*ASSIGNED TASK*
Retype all of the records shown beneath this task, exactly as they stand.

*PROVIDED DATA*
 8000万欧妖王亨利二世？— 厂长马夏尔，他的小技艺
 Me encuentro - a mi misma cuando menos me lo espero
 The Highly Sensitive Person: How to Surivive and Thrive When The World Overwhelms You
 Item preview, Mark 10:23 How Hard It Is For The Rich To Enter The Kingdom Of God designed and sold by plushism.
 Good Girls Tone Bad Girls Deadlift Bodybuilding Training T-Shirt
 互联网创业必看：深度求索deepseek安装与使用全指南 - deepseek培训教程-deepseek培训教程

*WRITTEN SOLUTION*
 8000万欧妖王亨利二世？— 厂长马夏尔，他的小技艺
 Me encuentro - a mi misma cuando menos me lo espero
 The Highly Sensitive Person: How to Surivive and Thrive When The World Overwhelms You
 Item preview, Mark 10:23 How Hard It Is For The Rich To Enter The Kingdom Of God designed and sold by plushism.
 Good Girls Tone Bad Girls Deadlift Bodybuilding Training T-Shirt
 互联网创业必看：深度求索deepseek安装与使用全指南 - deepseek培训教程-deepseek培训教程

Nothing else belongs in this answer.